*WHAT IS EXPECTED*: Retype only what runs from the beginning of the data through the line with "1988 Fleer Sticker"; please omit the pictures and keep every line exact.

*DATA SUPPLIED*:

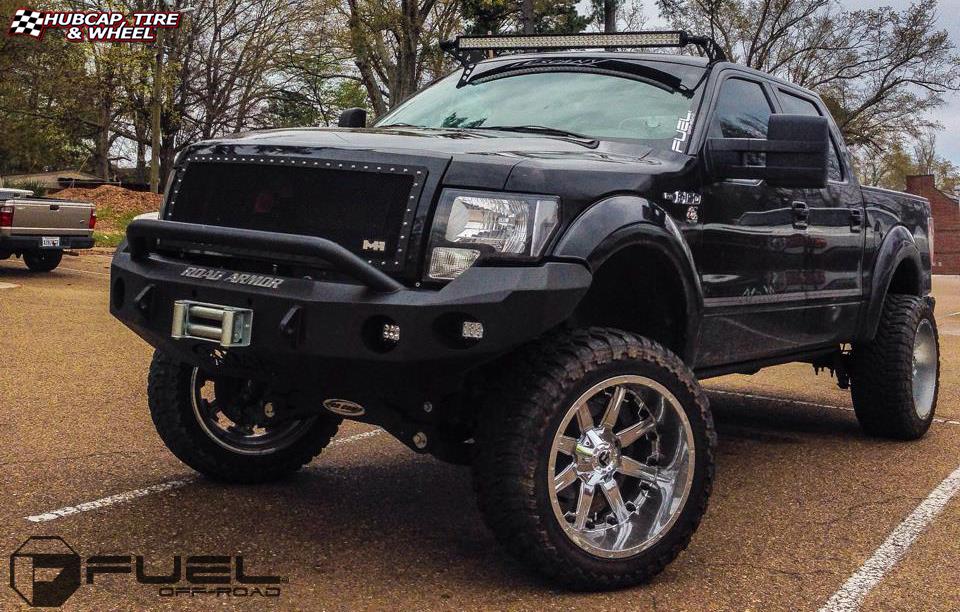 vehicle gallery/ford f 150 fuel nutz d540 22X12  Chrome wheels and rims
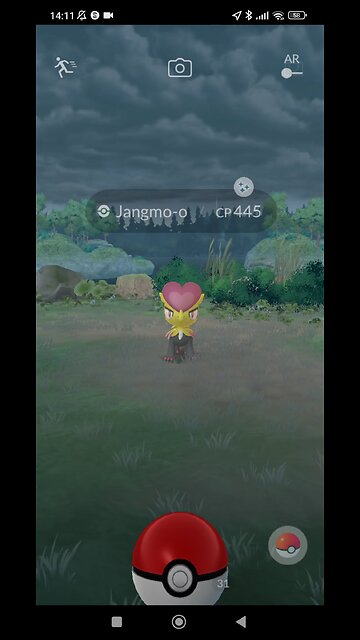 Pokémon Go Catching Shiny Jangmo-o June 21,2025 #pokemongocommunityday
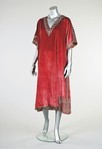 Lot 48 - A Babani rose-pink velvet tunic, early 1920s,...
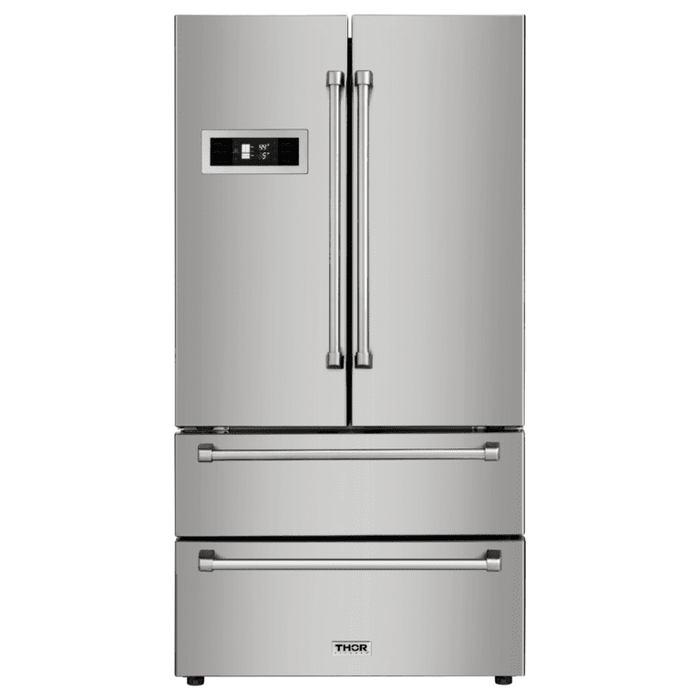 Thor Kitchen Appliance Package - 30 in. Natural Gas Range, Refrigerator & Dishwasher AP-HRG3080U-2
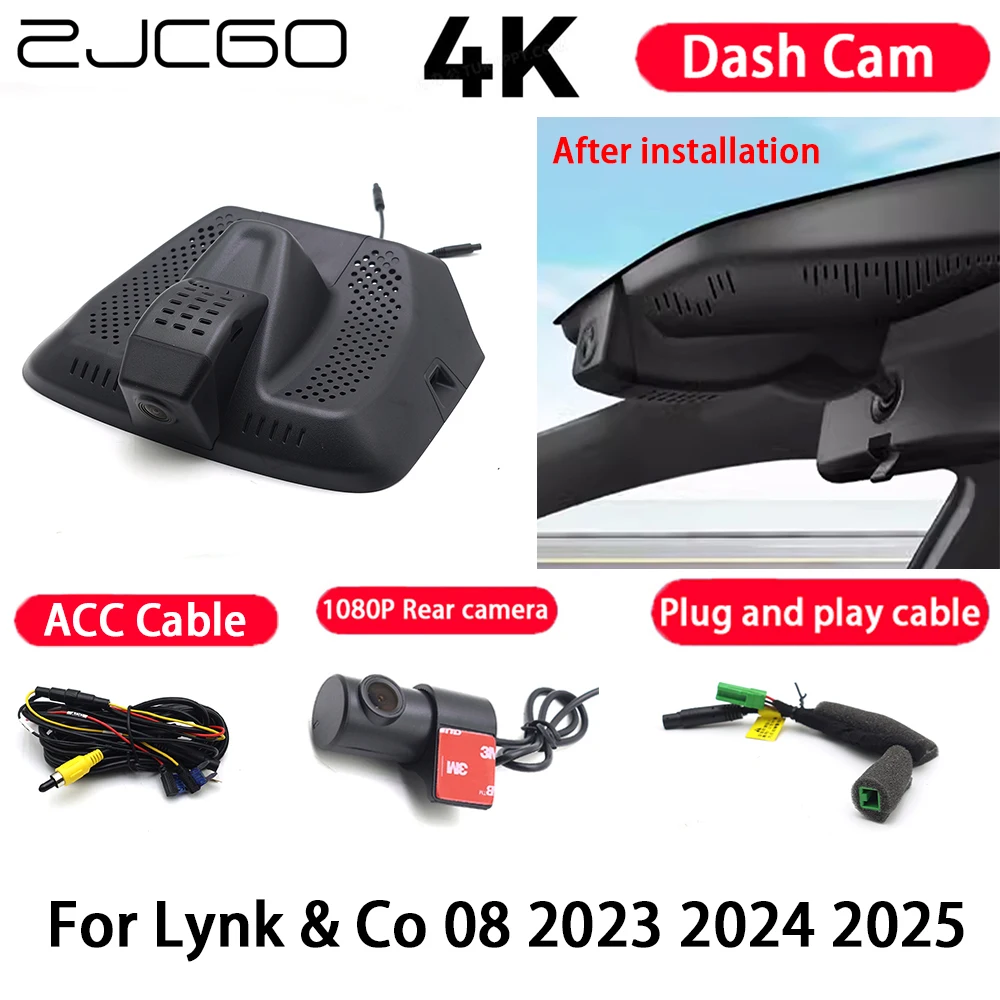 Car Camera 4K Plug and Play Dash Cam Video Recorder Night Vision for Lynk & Co 08 2023 2024 2025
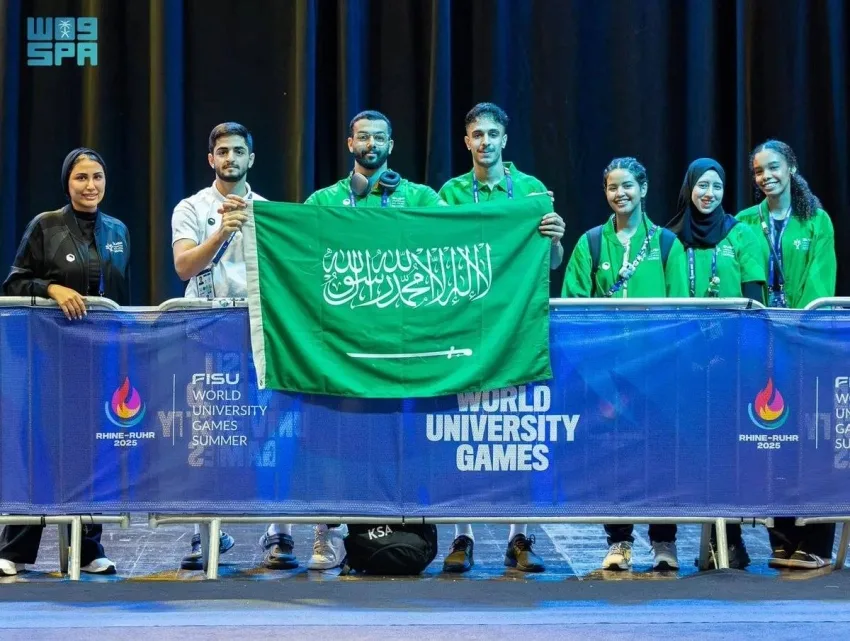 الفرق الجامعية السعودية تستمر في المنافسة بالألعاب العالمية في ألمانيا الفرق الجامعية السعودية تستمر في المنافسة بالألعاب العالمية في ألمانيا
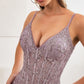 Cinderella Divine J810 Long Fitted Mermaid Gown Metallic Embroidered Lace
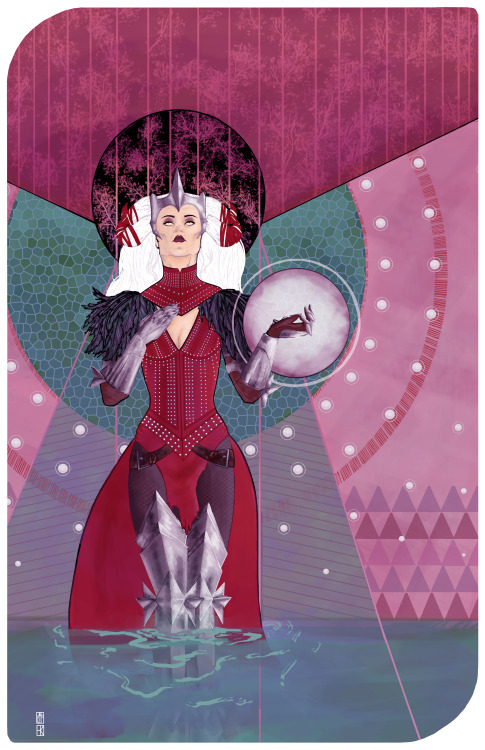 brickmasterprints: The High Priestess  Tarot Card -  Flemeth Get it here!  dragon age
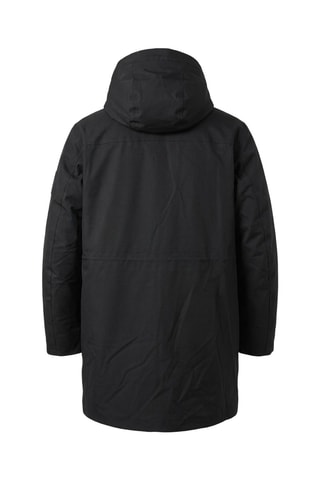Parka con capucha - Negro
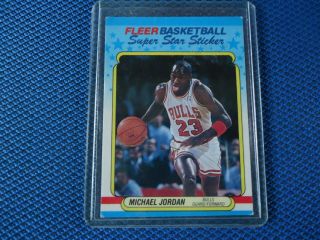 1988 Fleer Sticker Michael Jordan Chicago Bulls 7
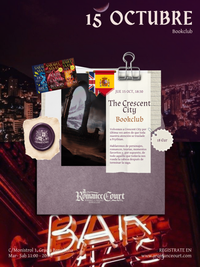 Jue 15 Oct, 18:30 | Sarah J. Maas Bookclub Special: Crescent City Reread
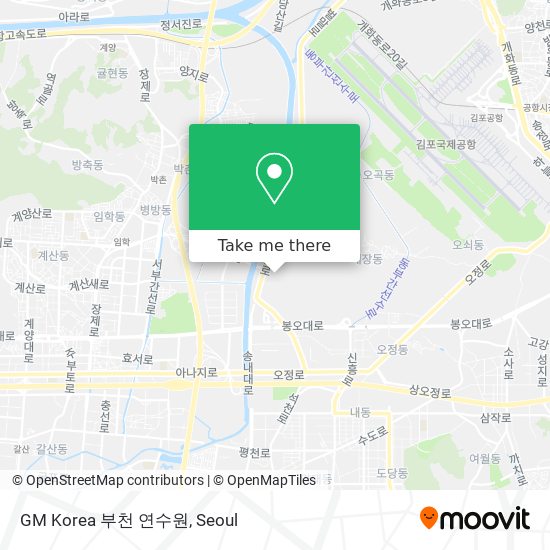 GM Korea 부천 연수원 map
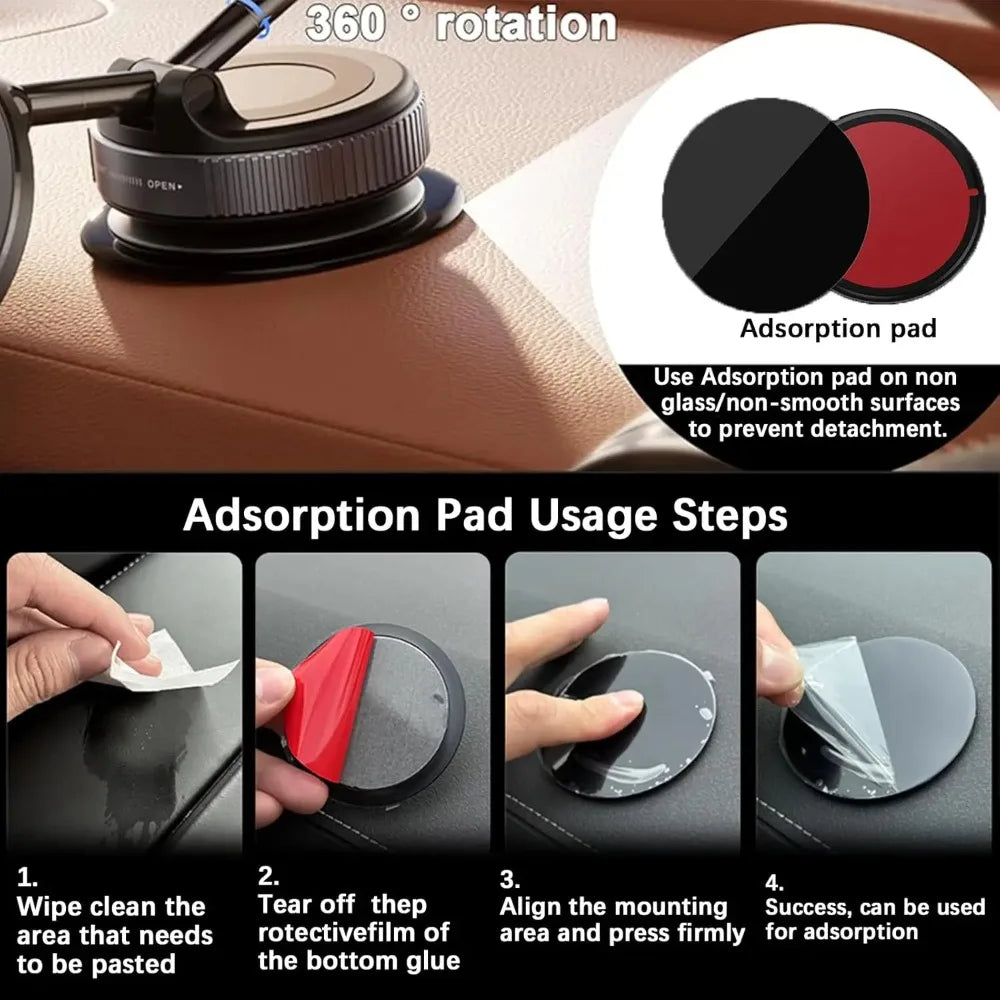 Instructions for using an adsorption pad on non-smooth surfaces to prevent detachment.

*RESPONSE TO THIS EXERCISE*:
 vehicle gallery/ford f 150 fuel nutz d540 22X12  Chrome wheels and rims
 Pokémon Go Catching Shiny Jangmo-o June 21,2025 #pokemongocommunityday
 Lot 48 - A Babani rose-pink velvet tunic, early 1920s,...
 Thor Kitchen Appliance Package - 30 in. Natural Gas Range, Refrigerator & Dishwasher AP-HRG3080U-2
 Car Camera 4K Plug and Play Dash Cam Video Recorder Night Vision for Lynk & Co 08 2023 2024 2025
 الفرق الجامعية السعودية تستمر في المنافسة بالألعاب العالمية في ألمانيا الفرق الجامعية السعودية تستمر في المنافسة بالألعاب العالمية في ألمانيا
 Cinderella Divine J810 Long Fitted Mermaid Gown Metallic Embroidered Lace
 brickmasterprints: The High Priestess  Tarot Card -  Flemeth Get it here!  dragon age
Parka con capucha - Negro
 1988 Fleer Sticker Michael Jordan Chicago Bulls 7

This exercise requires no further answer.